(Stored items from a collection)
- - - -
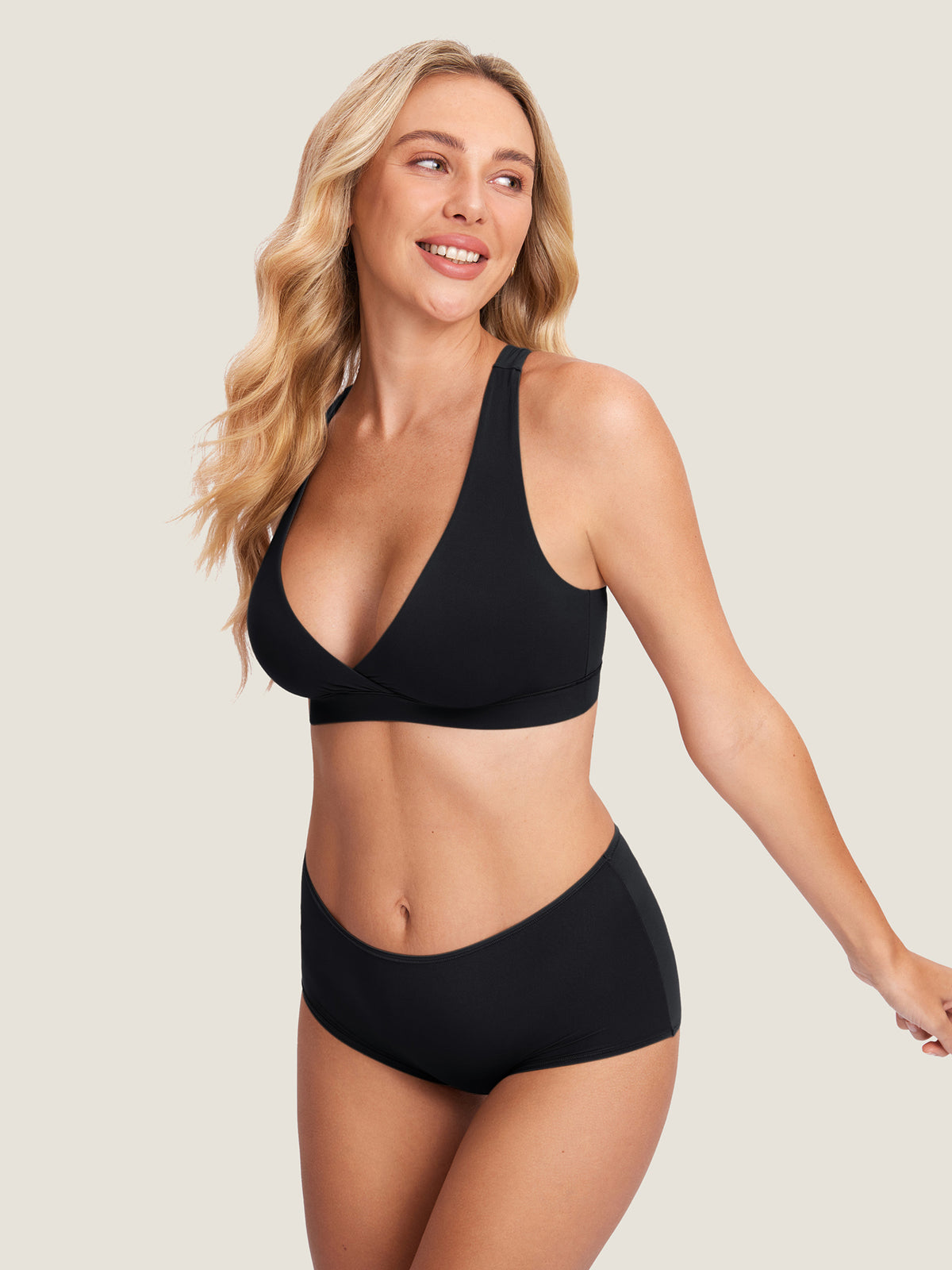 MOMANDA Women's Inbarely? Crossover Racerback Nursing Bra Black @model_info:YY4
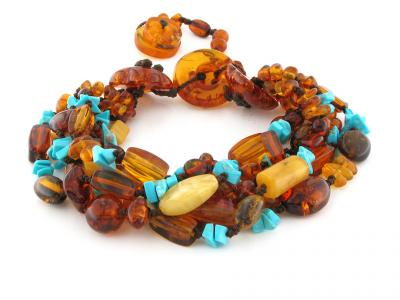 Bracciale con Ambra Baltica e Turchese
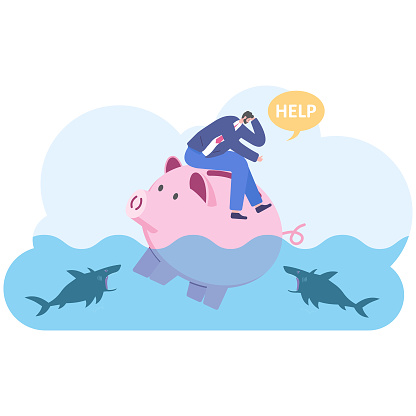 Businessman loss of savings sinking piggy bank, illustration vector cartoon
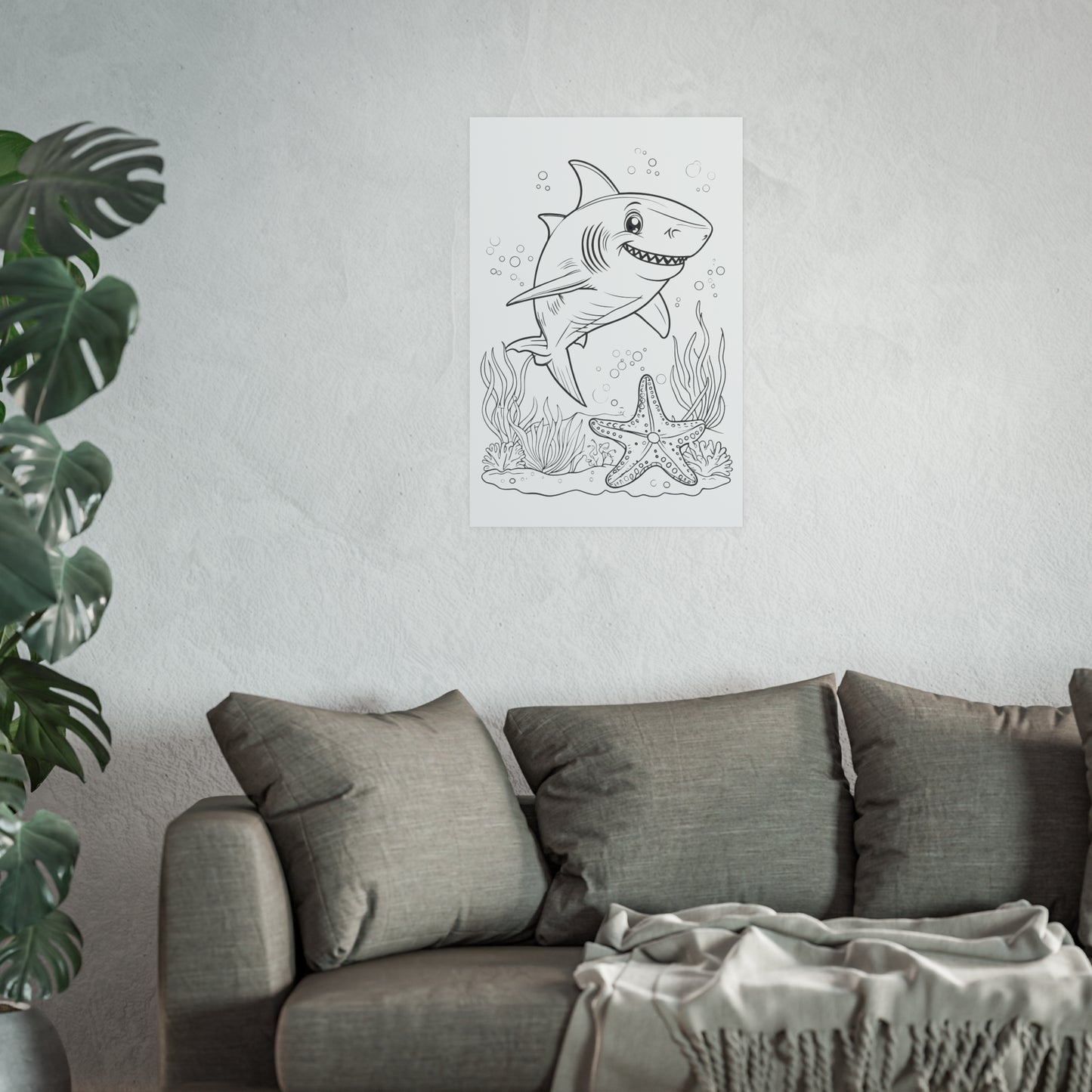 Cute Shark Coloring Poster — Satin & Archival Matte Ocean Print for Kids’ Rooms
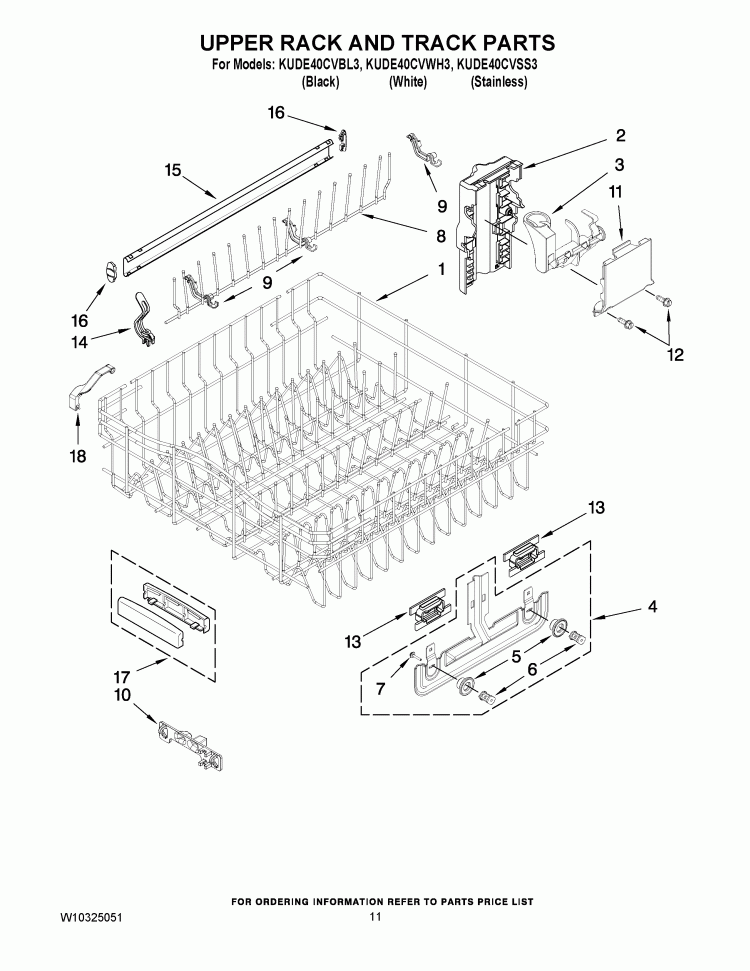 UPPER RACK AND TRACK PARTS Diagram and Parts List for KUDE40CVWH3  KitchenAid Dishwasher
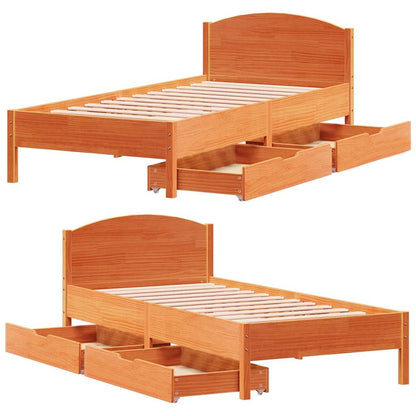 vidaXL Bed Frame without Mattress Wax Brown 90x190 cm Single Solid Wood Pine
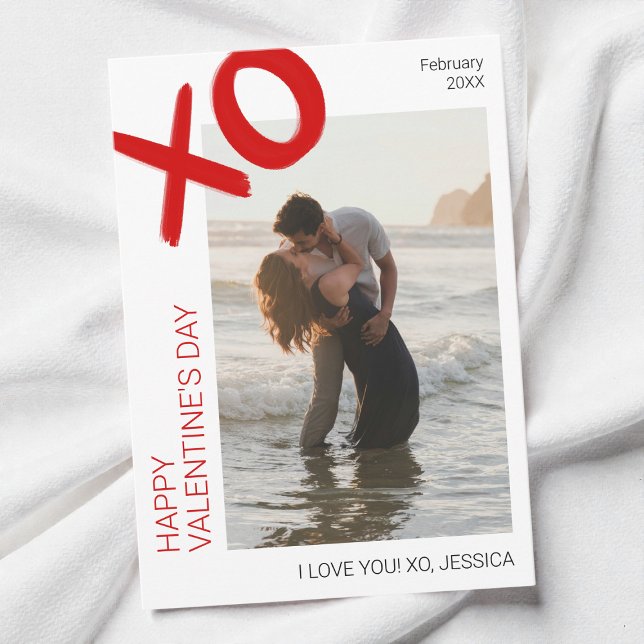 Tarjeta Festiva I Love You Modern Photo Happy Valentine's Day (I Love You Modern Photo Happy Valentine's Day Holiday Card)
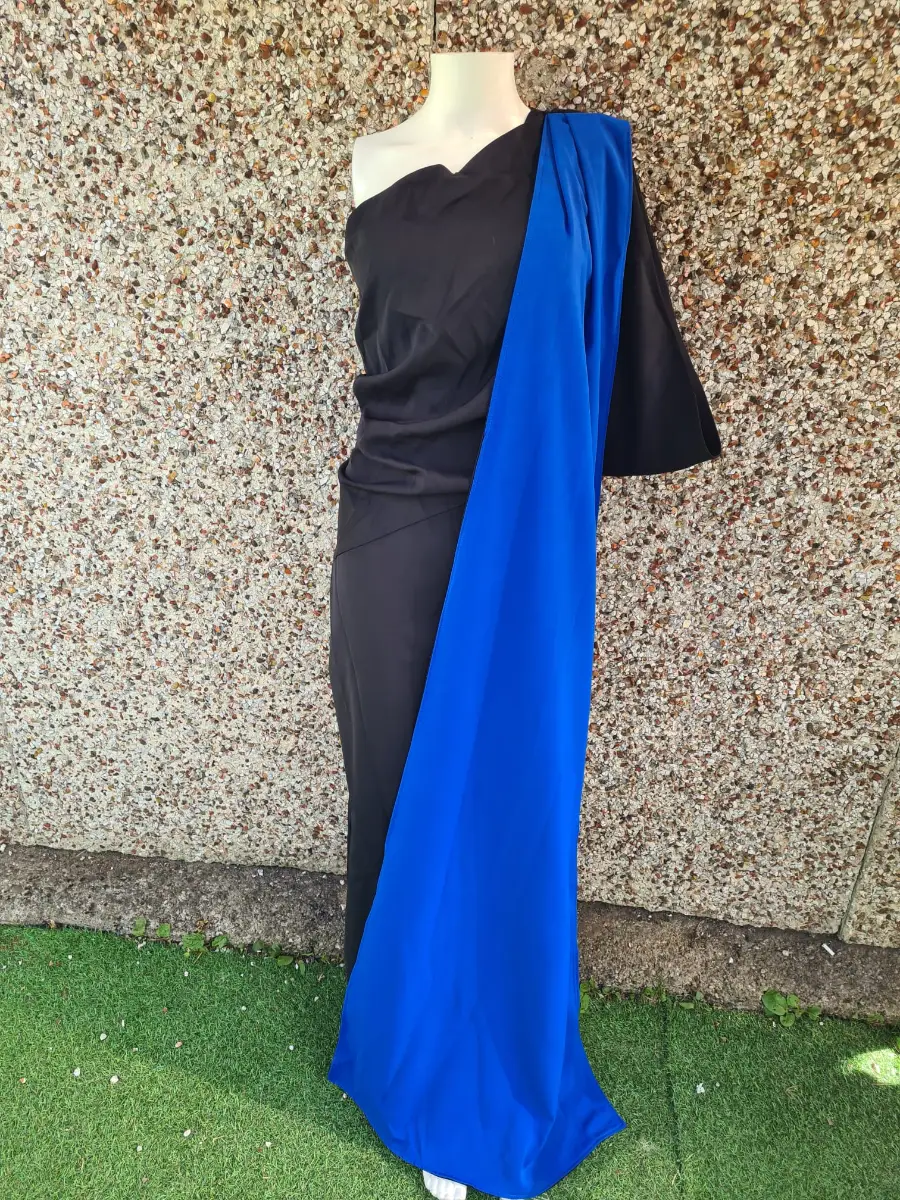 Candidus Shawl Ruch Asymmetric Midi Dress Innovare Denim Black Cobalt Blue Size XL BNWT RRP £87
- - - -
■ What the task asks: Set the pictures aside and reproduce exactly the lines above, from the line holding "Cute Shark Coloring" through the line holding "Tarjeta Festiva I", both included, with nothing else.

■ Task answer:
 Cute Shark Coloring Poster — Satin & Archival Matte Ocean Print for Kids’ Rooms
 UPPER RACK AND TRACK PARTS Diagram and Parts List for KUDE40CVWH3  KitchenAid Dishwasher
 vidaXL Bed Frame without Mattress Wax Brown 90x190 cm Single Solid Wood Pine
 Tarjeta Festiva I Love You Modern Photo Happy Valentine's Day (I Love You Modern Photo Happy Valentine's Day Holiday Card)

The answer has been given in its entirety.